The numbers are sobering. According to Seyfarth Shaw LLP, if ADA Title III federal lawsuit numbers continue to be filed at the current pace, 2018’s total will exceed 2017 by 30%, caused largely by the continued growth of website accessibility lawsuits.
ADA (Americans with Disabilities Act) Title III lawsuits, which concern website accessibility, were filed more often in the first six months of 2018 than in all of 2017. There were more than 1000 such lawsuits in the first six months of 2018, compared to just over 800 in all of 2017. If filings continue at this rate, there could be more than 2000 website accessibility lawsuits filed in federal court for 2018.
With 2018 more than half over, one thing is very clear – The number of ADA court cases keeps growing unabated. According to a recent Forbes article, businesses continue to find themselves as defendants in cases claiming that business websites discriminate against disabled people because the websites are not legally “accessible,” for example, to deaf and blind people who use the Internet.
Under the ADA, most businesses are covered by Title III. Local and state government agencies, plus hospitals and certain clinics are covered by Title II. The law and standards under Titles II and III are different, with ADA Title II applying more broadly than Title III and covering more organizations and their programs and services.
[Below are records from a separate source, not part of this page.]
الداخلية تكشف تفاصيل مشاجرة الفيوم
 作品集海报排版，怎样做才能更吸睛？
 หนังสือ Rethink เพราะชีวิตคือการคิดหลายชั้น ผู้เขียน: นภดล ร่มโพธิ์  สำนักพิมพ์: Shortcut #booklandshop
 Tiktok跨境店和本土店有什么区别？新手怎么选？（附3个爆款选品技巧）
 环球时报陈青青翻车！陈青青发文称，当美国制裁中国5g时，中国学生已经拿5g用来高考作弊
In the increasing spate of lawsuits several industries in particular are being targeted for their websites. One industry, banking and financial services, is a big focus in 2018 for people claiming website accessibility discrimination. The medical field is feeling it too.
Determining the methods to use in communicating with someone who is deaf, hard of hearing, blind, or low vision will depend upon each individual and each situation. Website accessibility, which encompasses the concept of Auxiliary Aid, is now available in various formats, and more communication methods are being developed all the time.
According to the U.S. Department of Justice, the ADA uses the term “auxiliary aids and services” (“aids and services”) to refer to the ways to communicate with people who have communication disabilities.
For people who are blind, have vision loss, or are deaf-blind, website aids and services include providing information electronically for use with a computer screen-reading program or an audio recording of printed information.
What is adding to the confusion is the fact that the U.S. Department of Justice has yet to release long-promised clarifications on the ADA that would help the courts handle lawsuits that claim businesses’ websites are not handicap-accessible. The DOJ was expected to release sorely-needed clarifications to Title III in 2016 but pushed the release date to 2018, and we are still waiting. The law originated in the 1990s, and does not take into account our new digital reality. It was written before the internet was widely used so only mentions businesses’ brick-and-mortar locations. Until such time as the law catches up, litigation is the way forward.